Study III showed that having a mother or a father with psychiatric, but not somatic, illness that necessitated hospitalisation after completing compulsory schooling was associated with an increased probability of leaving upper secondary school before completion. No significant gender-based differences in this were found. Results presented in Study IV showed that having one or more siblings with health problems that necessitated recurrent hospitalisations was associated with lower grades. Children with ill siblings were also less likely to be eligible for an upper secondary education compared to children whose siblings did not have poor health. Socioeconomic background did not affect this educational disadvantage.
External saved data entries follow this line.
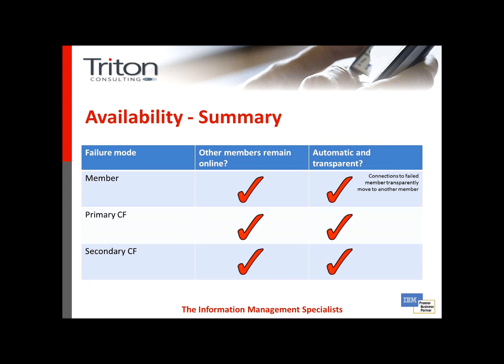That's about 40 seconds from the point that the member was killed until full capacity is restored to the environment, which is a fairly impressive turnaround in time, especially when you consider the limitations of our platform.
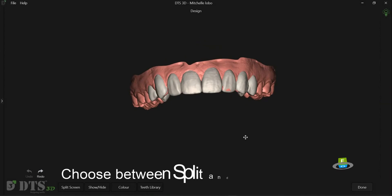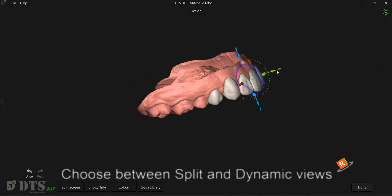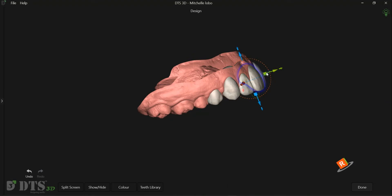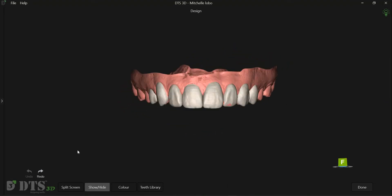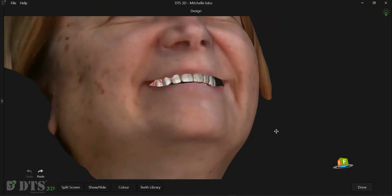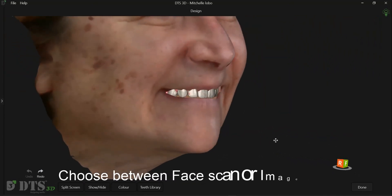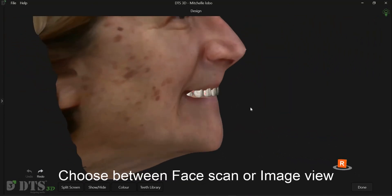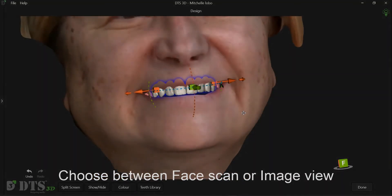We can easily navigate between the Split Screen and Dynamic Design screen. All changes can be carried out on either of the screens. We can also opt between the 3D face scan view or the image view.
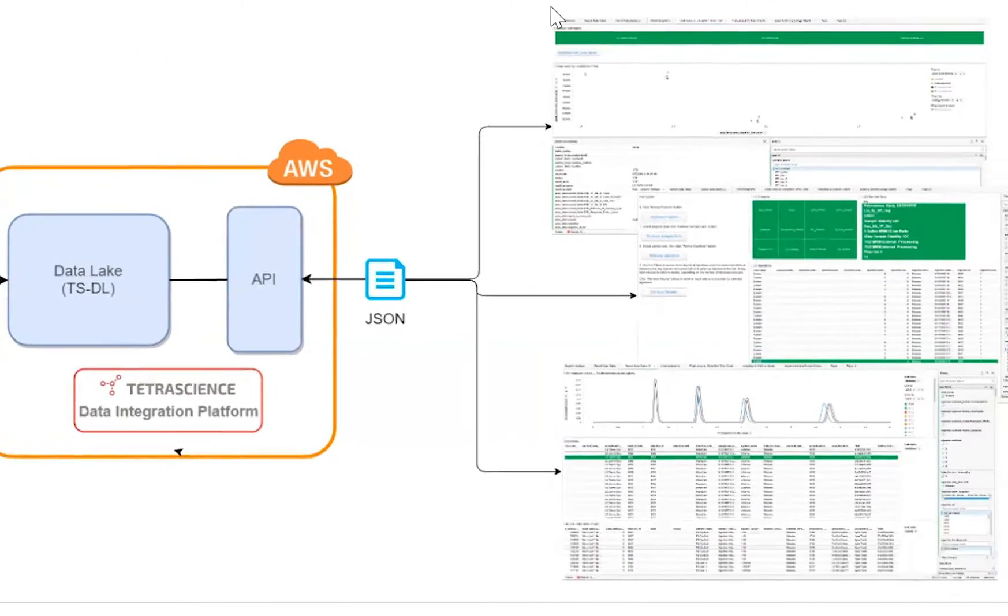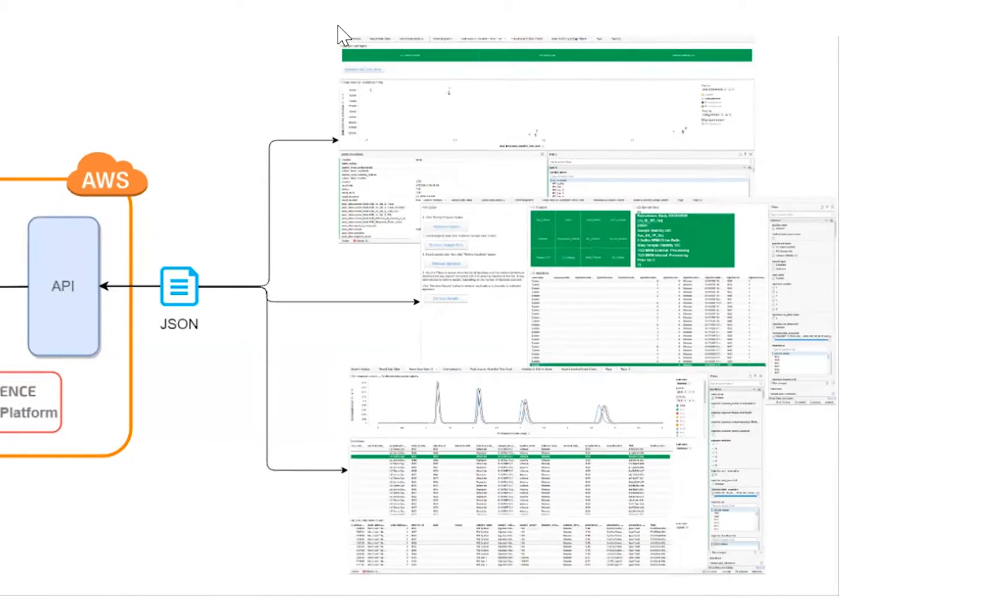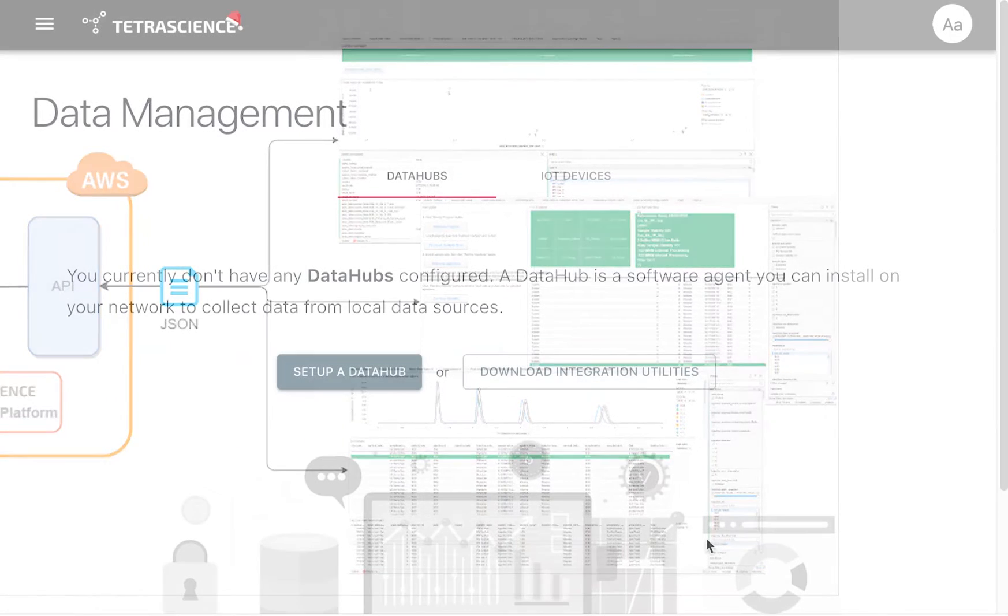And finally, we'll see visualizations of our Empower chromatography data that were generated across multiple instruments and sites. So let's jump right in.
Results presented in this thesis clearly corroborate the importance of health for children’s education. Children’s educational achievements at the end of compulsory school are inversely related to mental health problems in their adolescence. Thus, academic competence may have positive effects on certain aspects of young people’s mental health, which underscores the importance of promoting opportunities for youth to do as well as they can in school. The reciprocal aspect of the relationship between mental health and academic performance among school-aged children remains an important issue that requires further investigation. However, health is not just an individual issue; parents’ and siblings’ health problems can affect children and have negative ‘spillover’ effects on their schooling and educational achievements. This underlines the importance of a psychosocial perspective when identifying children’s difficulties in school. Taken together, health, and thus the school’s student health task, is highly associated with academic achievement and schools’ pedagogical responsibilities.